Start of Block
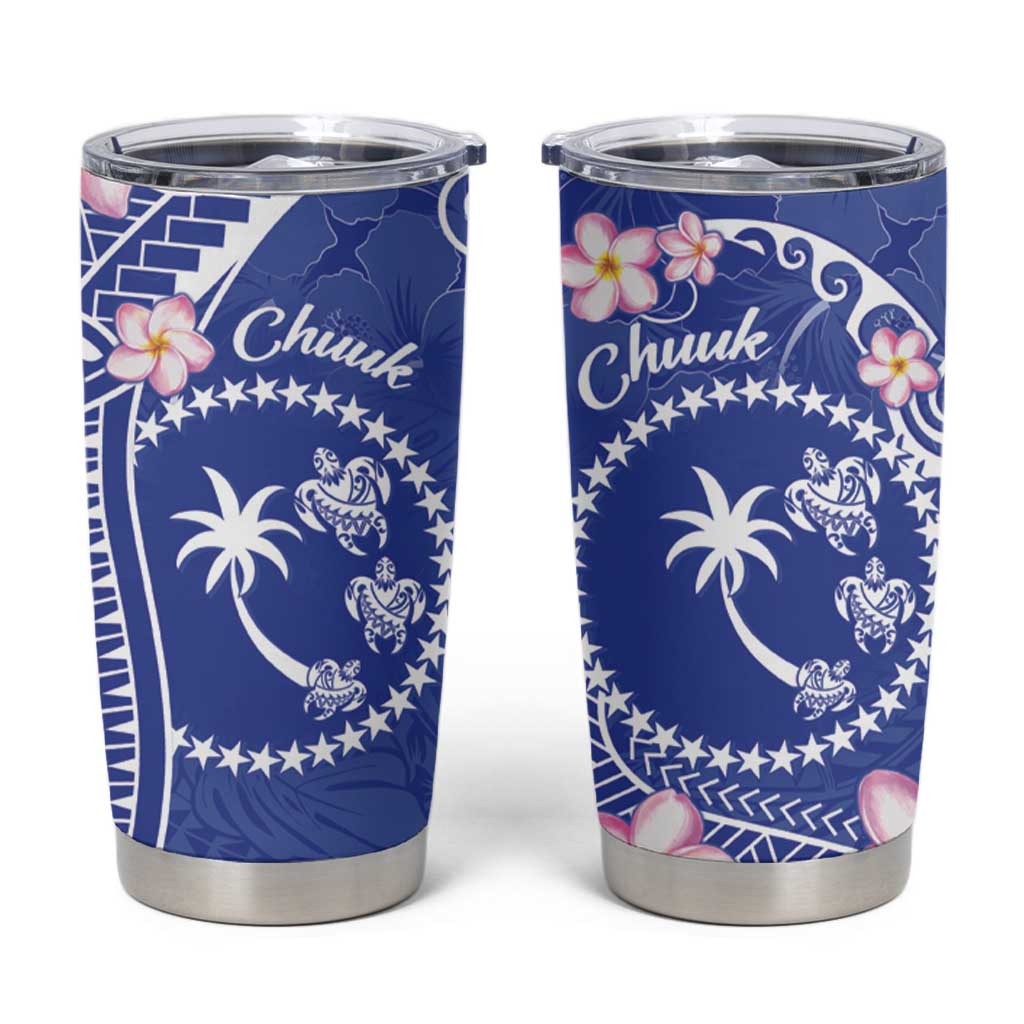 FSM Chuuk Constitution Day Tumbler Cup Frangipani Flowers Polynesian Curves Style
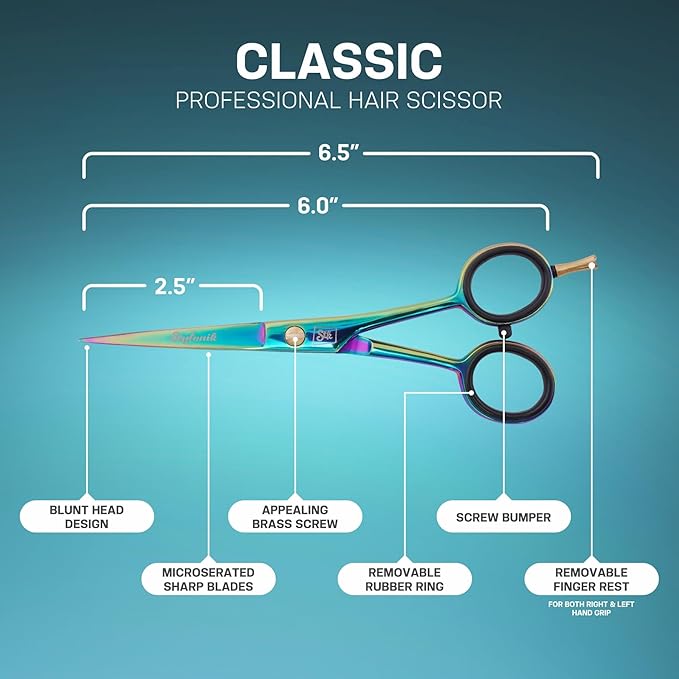 Hair Cutting Scissors-Professional Hairdressing Scissors for Women,Men,Hair Stylists,Salon,Barber- 6.5-Inch Stainless Steel Hair Scissors with Finger Rest (Classic Scissor Multi Titanium)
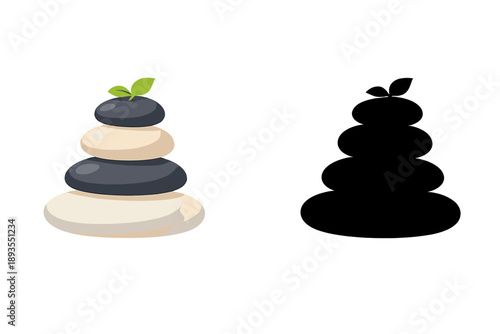 Rock stacking with green leaves on top of smooth stones with a shadow version next to it showing a similar shape without color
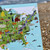 Close view of USA Kids' Map by AmazingWorld on a beach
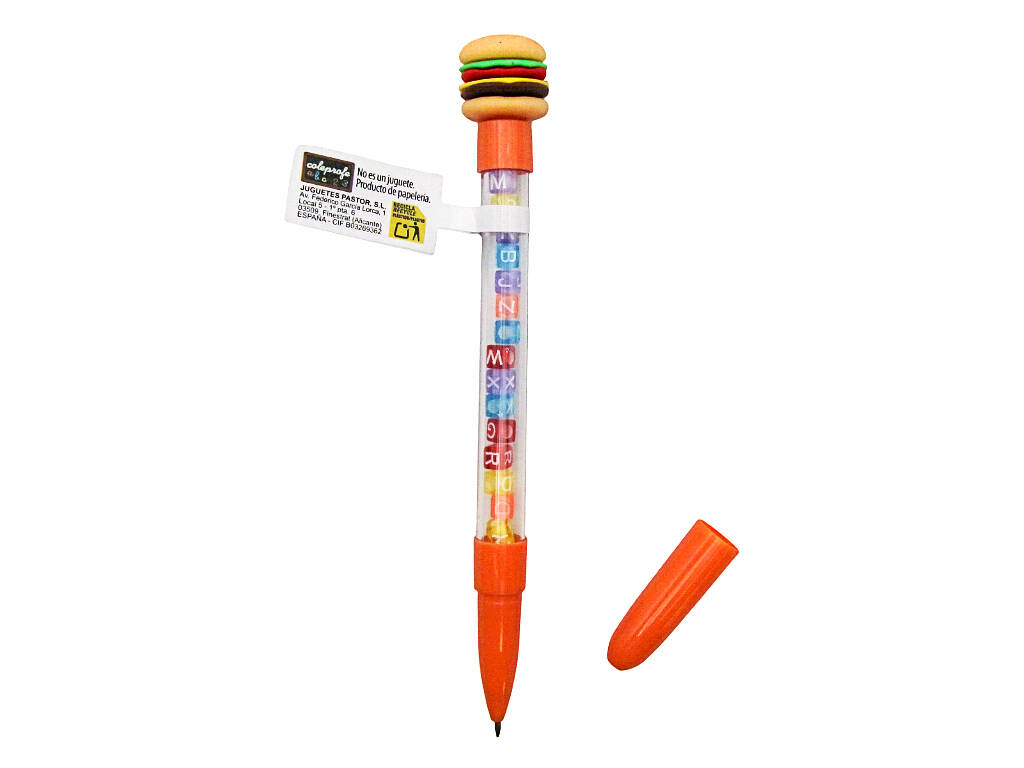 Penna a sfera blu con cibo fast food e perline con lettere da 18,5 cm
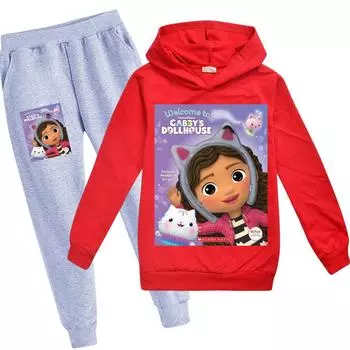 Весенне-осенняя детская одежда, толстовка с принтом кота для маленьких девочек + штаны, комплект из 2 предметов, студенческая повседневная спортивная одежда для бега на открытом воздухе 100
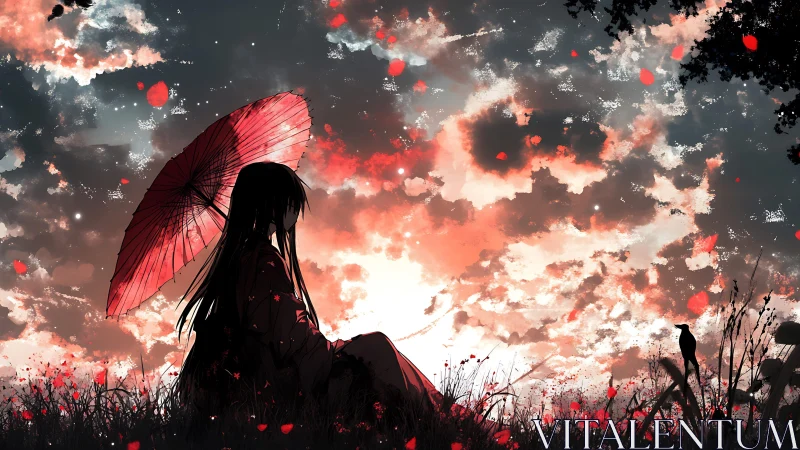Silhouetted girl with red umbrella studies a luminous sunset sky
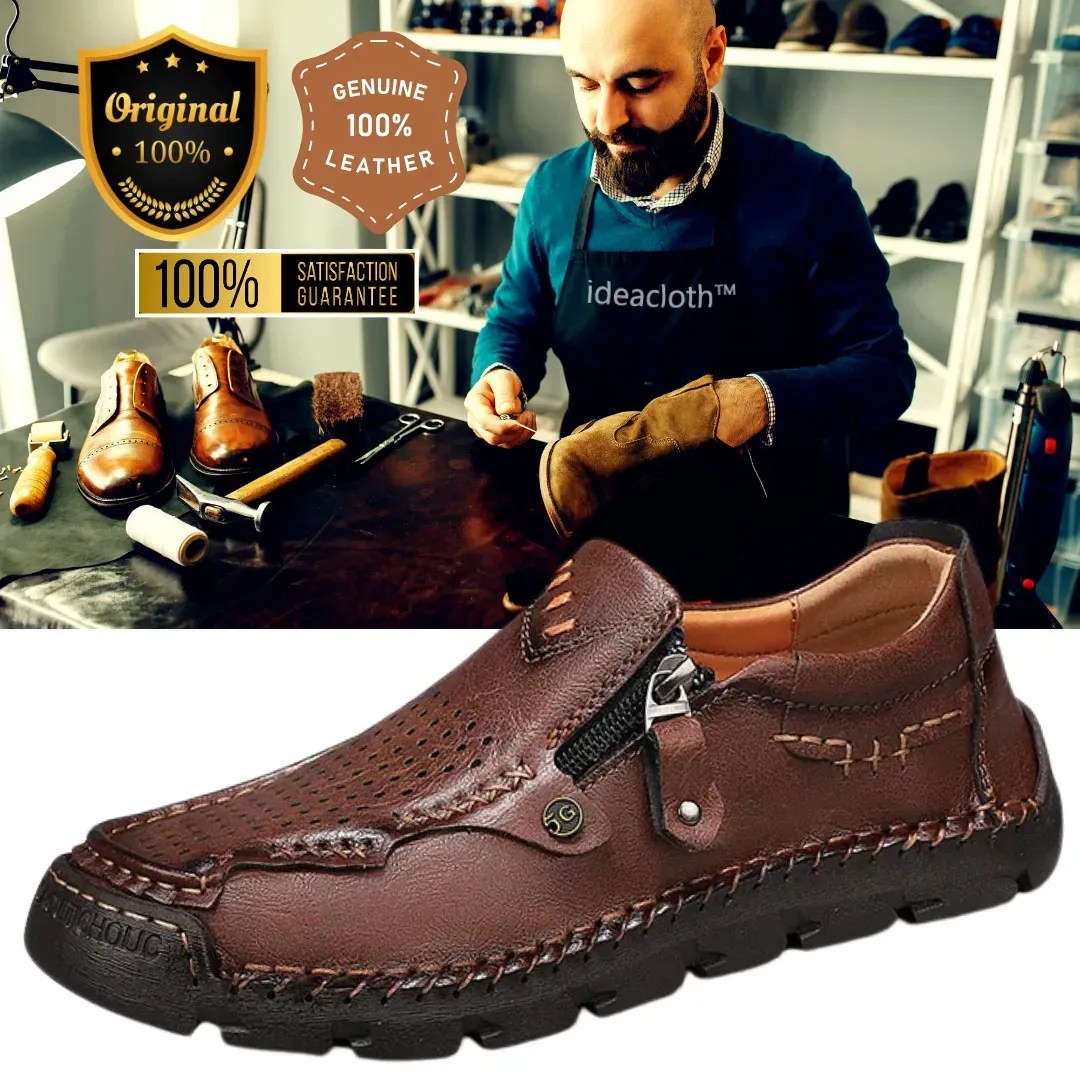 ⏰Promotion - 70% OFF🔥 Men Casual Leather Loafer Summer Flat Soft Light Shoes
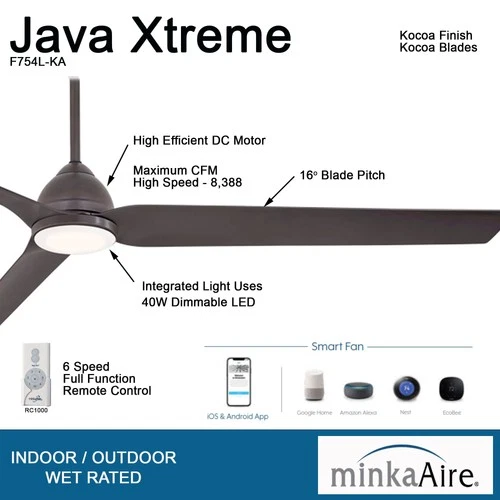 Minka Aire Java Xtreme 84"  - Kocoa 3-Blade Remote Control - Picture 5 of 5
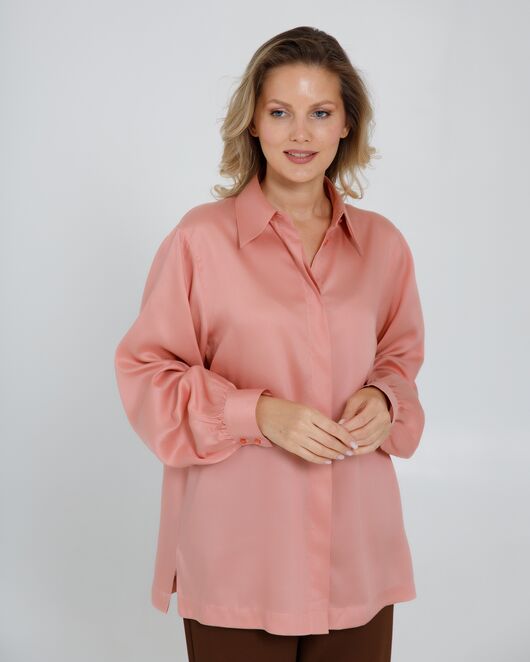 Женская рубашка под пуговицу персиковая в прямом силуэте - 8522 от byME 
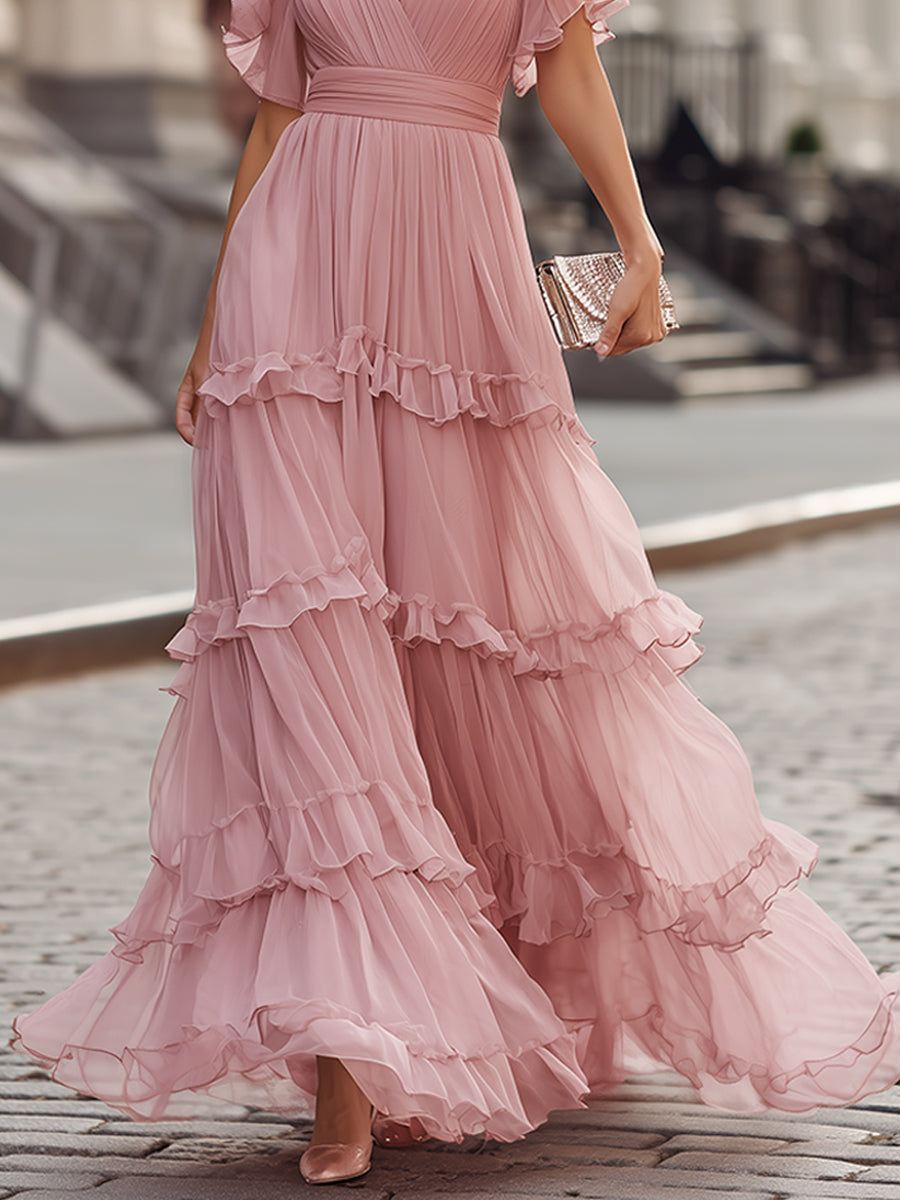 Whisperelle Pink Ruffle Sleeve V-Neck Tiered Chiffon Maxi Dress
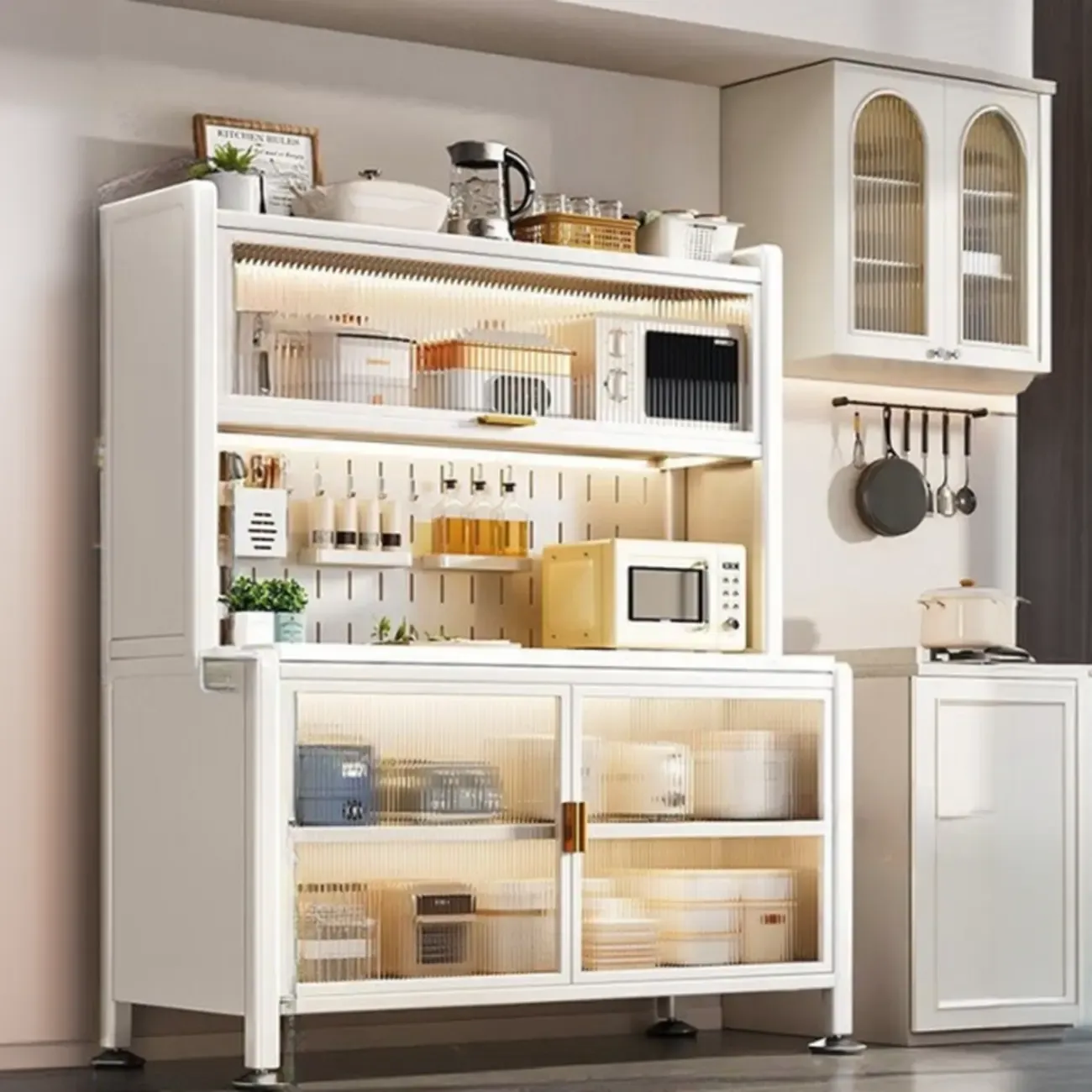 Modern Metal Buffet with Stone Countertop Narrow Design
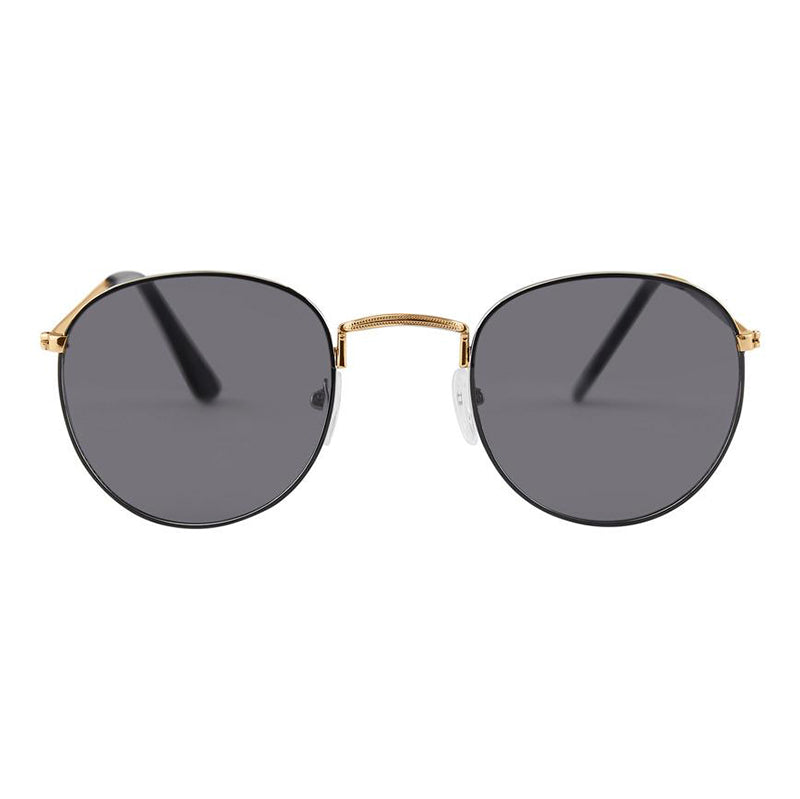 women's sunglasses round brass rimmed frame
End of Block
## ACTIVITY
Leave out every picture, and repeat word for word only the lines from the one holding "Whisperelle Pink Ruffle" through the end of the entries above, both ends included.

## EXERCISE ANSWER
 Whisperelle Pink Ruffle Sleeve V-Neck Tiered Chiffon Maxi Dress
 Modern Metal Buffet with Stone Countertop Narrow Design
 women's sunglasses round brass rimmed frame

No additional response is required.